A noite deste sábado (16) foi marcada pelo espírito de superação e integração cívico-militar. O estacionamento do Batalhão de Operações Especiais (Bope), no Setor Policial Sul, foi palco da largada da 1ª Corrida do Bope. A prova noturna desafiou os cerca de 3.000 participantes em um percurso de 6,2 km, e contou com uma temática repleta de símbolos ligados à caveira que é marca registrada da tropa de elite.

A governadora Celina Leão marcou presença na largada da corrida e exaltou a resiliência dos policiais: “O Bope não é para qualquer um. O Bope é para quem escolheu o caminho mais difícil. É para quem tem sangue nos olhos, é para quem quer estar lá no topo do topo. Esses homens e mulheres são submetidos a grandes testes, porque eles precisam estar preparados”. Dos 189 policiais do Bope, 18 são mulheres.

A corrida, que contou com atrações musicais e um food truck nas imediações, também serviu como espaço de celebração.“Comemoramos 217 anos da PMDF em 13 de maio”, lembrou o comandante-geral da Polícia Militar do DF (PMDF), coronel Rômulo Palhares. “É a data de aniversário da nossa corporação e o fim da escravatura no nosso país”. Todos os participantes que finalizaram o percurso receberam uma medalha. 

A organização foi elogiada pelo comandante do Bope, tenente-coronel Zairo de Souza e Silva, que agradeceu o empenho da equipe: “Eu tenho convicção de que excelência é fazer o básico bem-feito. Nós queremos entregar um produto de qualidade e de excelência, que é a característica do Caveira, que é a característica do Batalhão de Operações Especiais: ser assertivo, ser eficiente na construção de uma sociedade mais segura”.

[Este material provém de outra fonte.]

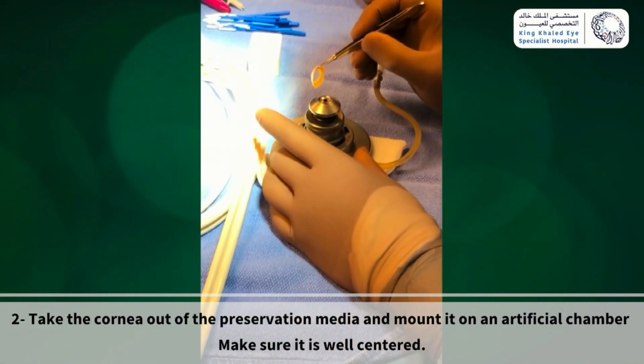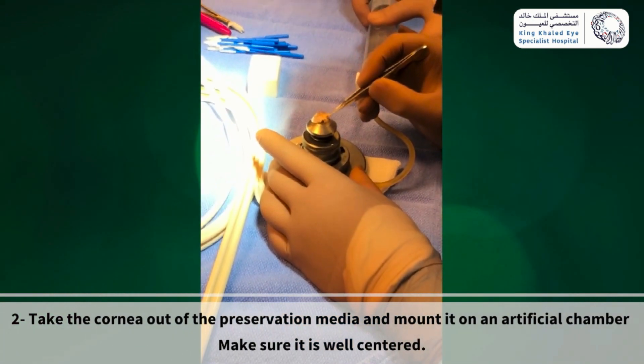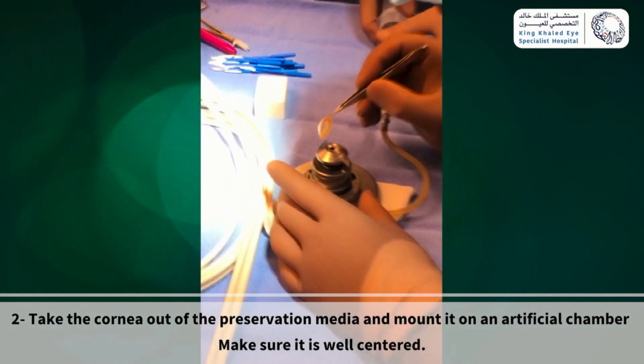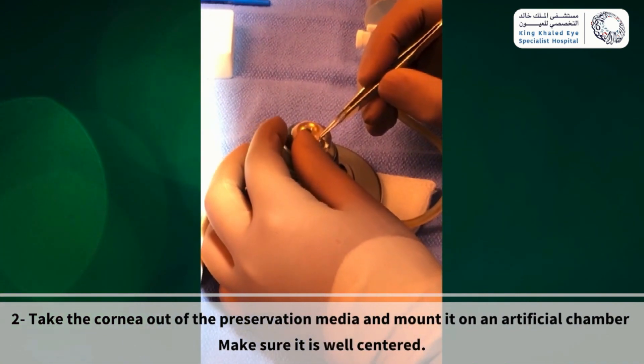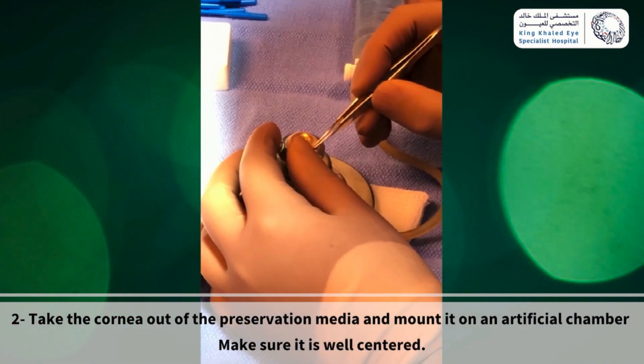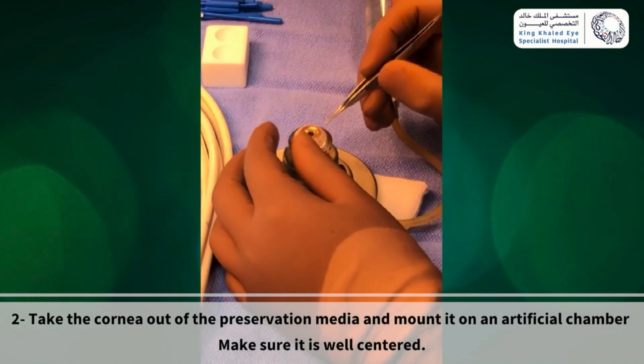Gently mount the cornea on the artificial chamber with endothelial side down. Have an assistant gently flush the system with BSS to remove all the bubbles beneath the cornea. Make sure it is well centered.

Aproximação com a sociedade

Um dos objetivos da corrida foi quebrar barreiras entre a tropa especializada e a população, o que atraiu até mesmo pessoas de fora do DF, como a militar Franciele de Souza Castro, moradora de São Paulo (SP) que veio a Brasília especificamente para o evento.

“A gente precisa investir nessas atuações de esporte junto com segurança pública para unir a comunidade com a segurança, para tirar aquela imagem muitas vezes deturpada da segurança pública, de que a gente é muito truculento, muito bravo, é até insensível”, avaliou.

Esse senso de pertencimento alcançou civis de todas as idades e níveis de preparo físico. O analista de TI Paulo Oliveira escolheu a prova do Bope para a estreia em corridas, após cinco meses de treinamento. “É muito importante, porque abraça a comunidade local e traz esse senso de coletividade, que eu acho que é importante ainda mais na questão do esporte, que abraça diversos tipos de pessoas, de diferentes estilos”, enfatizou.